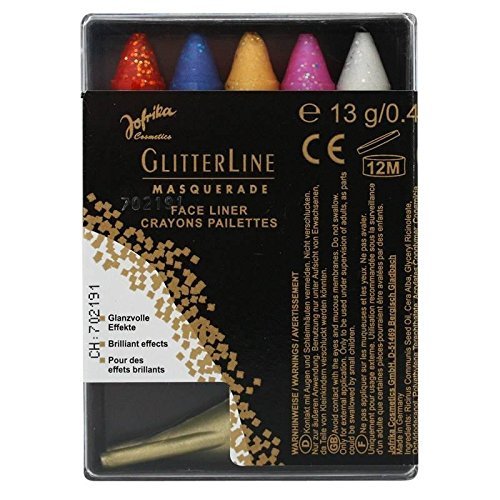 Jofrika maquillage lot - maquillage,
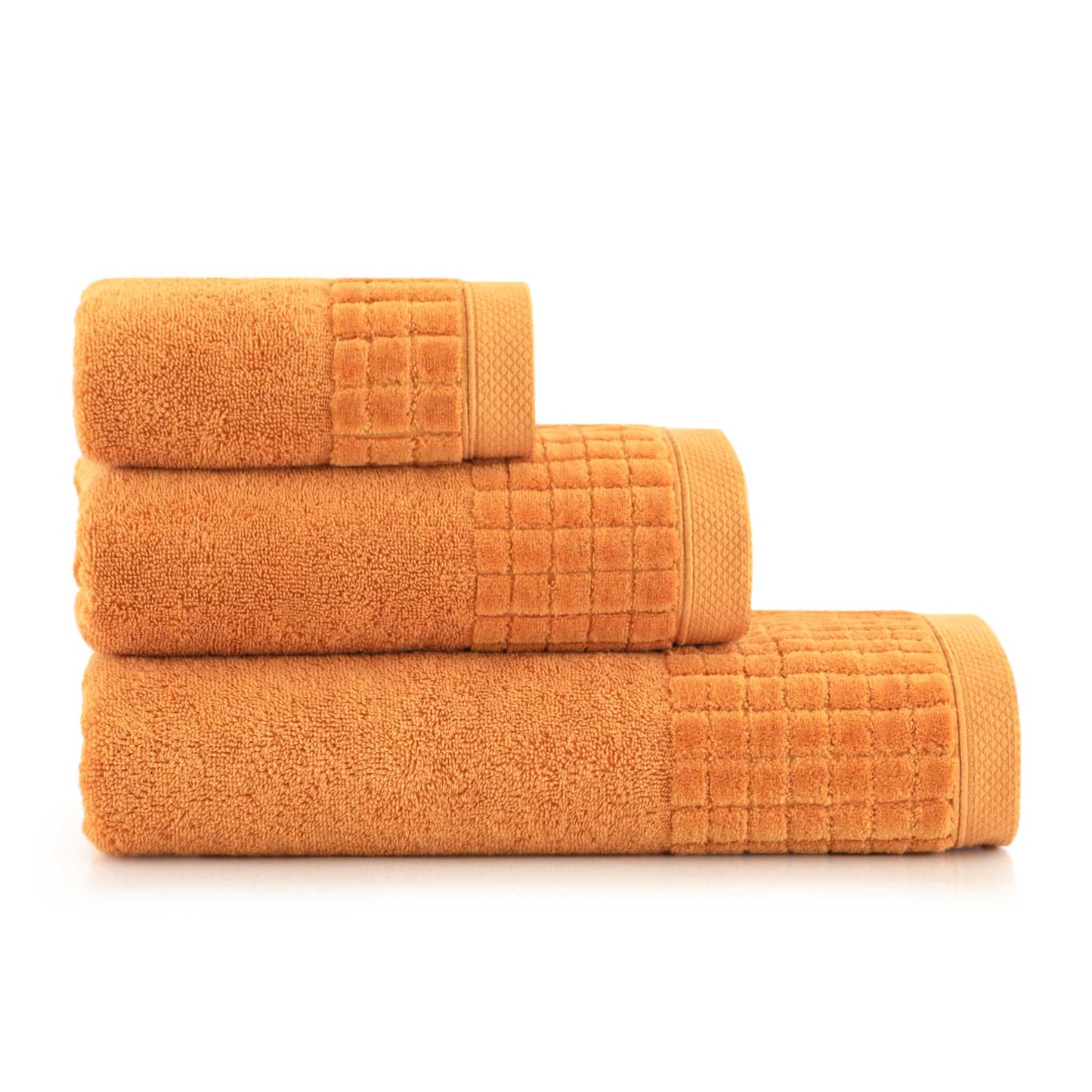 Orange Towel - Gatta Finland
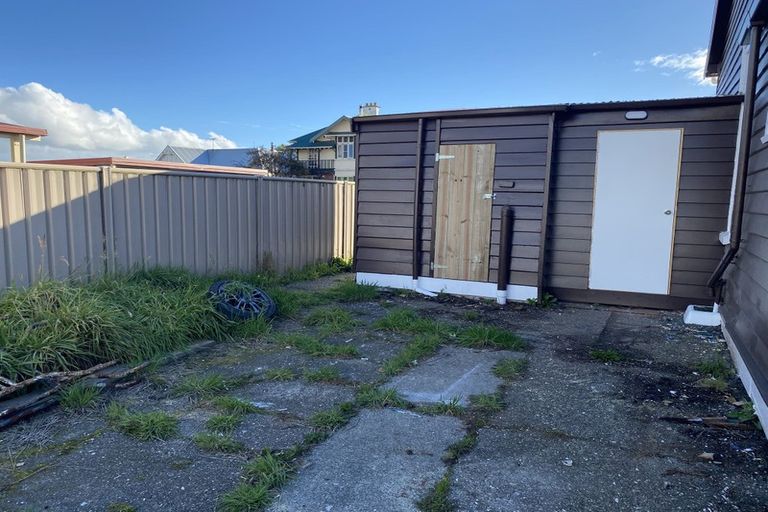 Photo of property in 315 Tweed Street, Georgetown, Invercargill, 9812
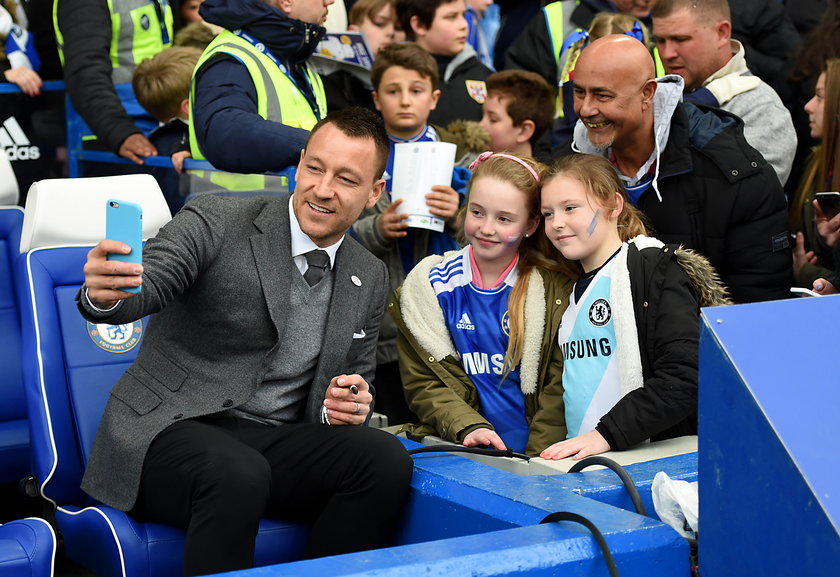 John Terry wyląduje w przyszłym sezonie w Danii?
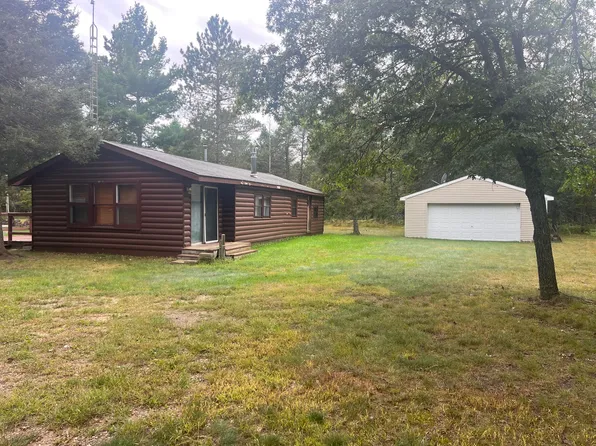 1879 Cherry Creek Trl, Grayling, MI 49738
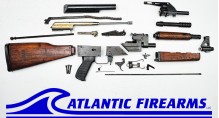 Yugo M70 Milled AK Parts Kit Lot 3 - Auction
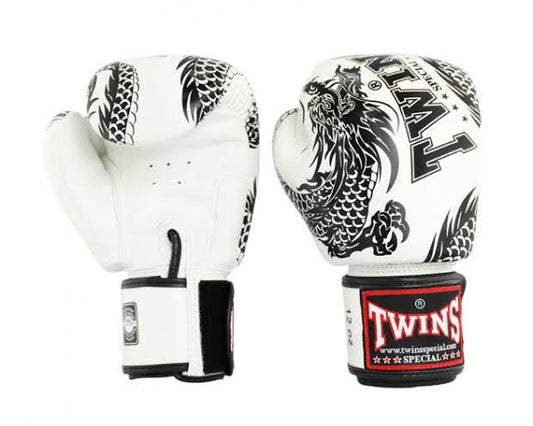 Twins Muay Thai Fancy Boxing Gloves FBGVL3-49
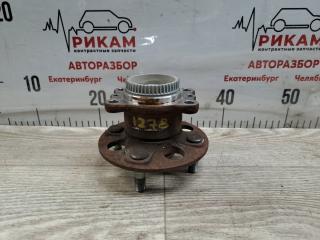 Ступица задняя HYUNDAI SOLARIS 2016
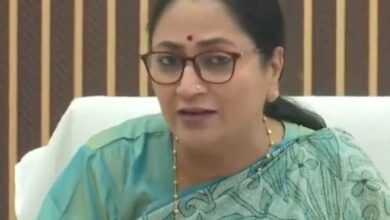 Photo of दिल्ली: मुख्यमंत्री रेखा गुप्ता बोलीं- विपक्ष देश को गुमराह कर रहा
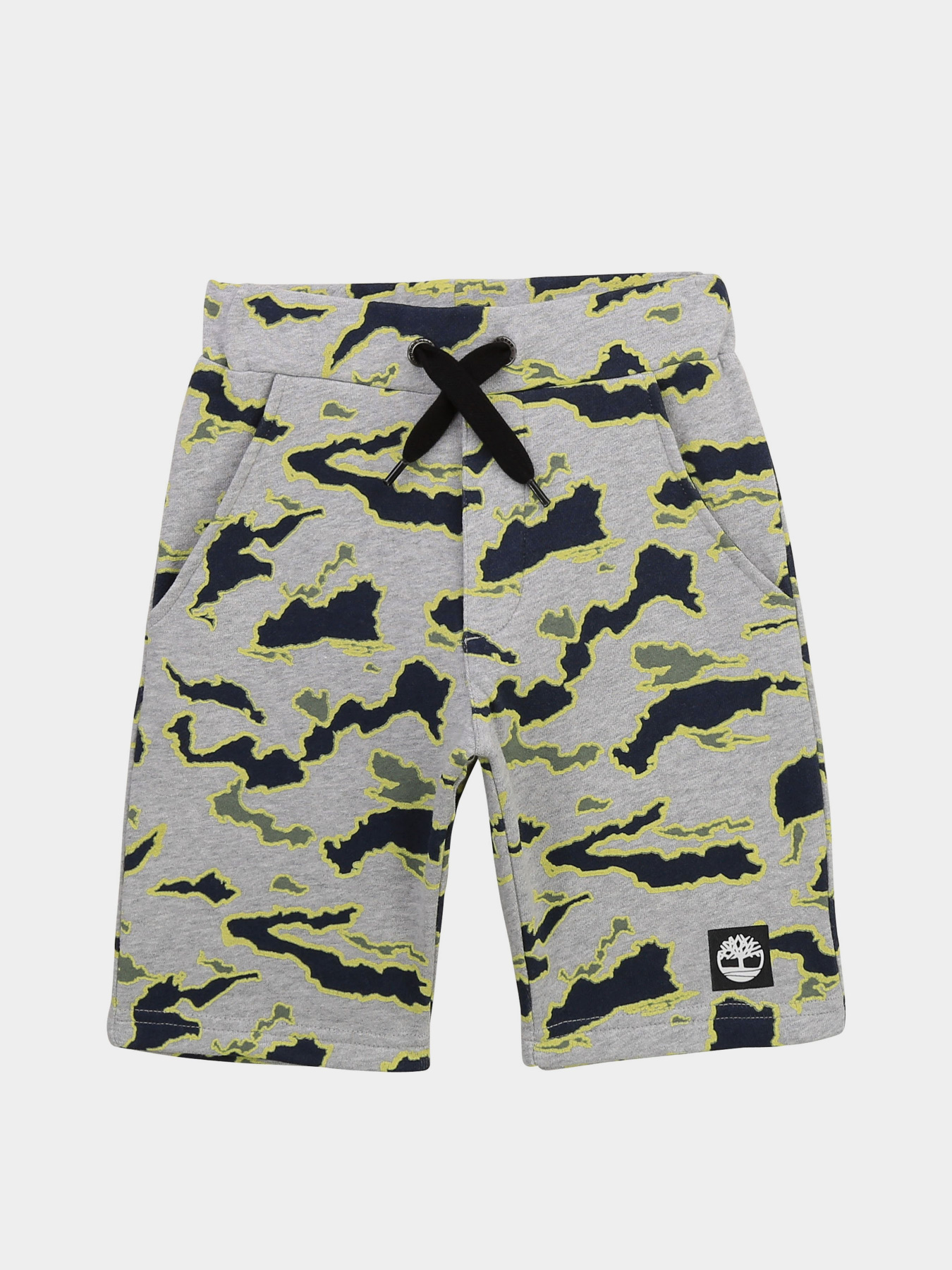 Повсякденні шорти Timberland Kids модель T24B39/Z40 Фото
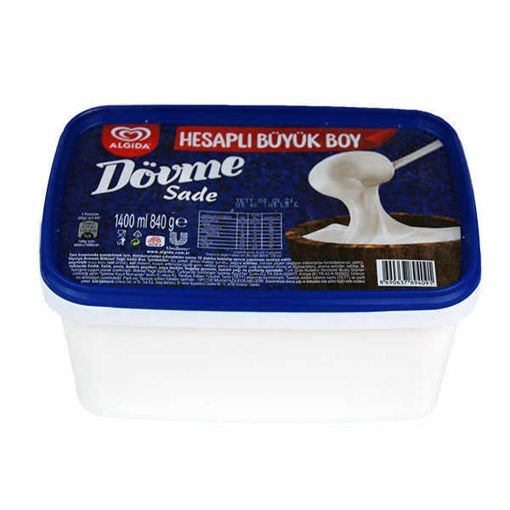ALGIDA DOVME BUYUK 1400ML nin resmi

::::::

* [What you have to do]:
Leaving out every picture, extract verbatim the lines from the one containing "Photo of property" through the last line of the listing, inclusive.

* [Exercise response]:
 Photo of property in 315 Tweed Street, Georgetown, Invercargill, 9812
 John Terry wyląduje w przyszłym sezonie w Danii?
 1879 Cherry Creek Trl, Grayling, MI 49738
 Yugo M70 Milled AK Parts Kit Lot 3 - Auction
 Twins Muay Thai Fancy Boxing Gloves FBGVL3-49
 Ступица задняя HYUNDAI SOLARIS 2016
 Photo of दिल्ली: मुख्यमंत्री रेखा गुप्ता बोलीं- विपक्ष देश को गुमराह कर रहा
 Повсякденні шорти Timberland Kids модель T24B39/Z40 Фото
ALGIDA DOVME BUYUK 1400ML nin resmi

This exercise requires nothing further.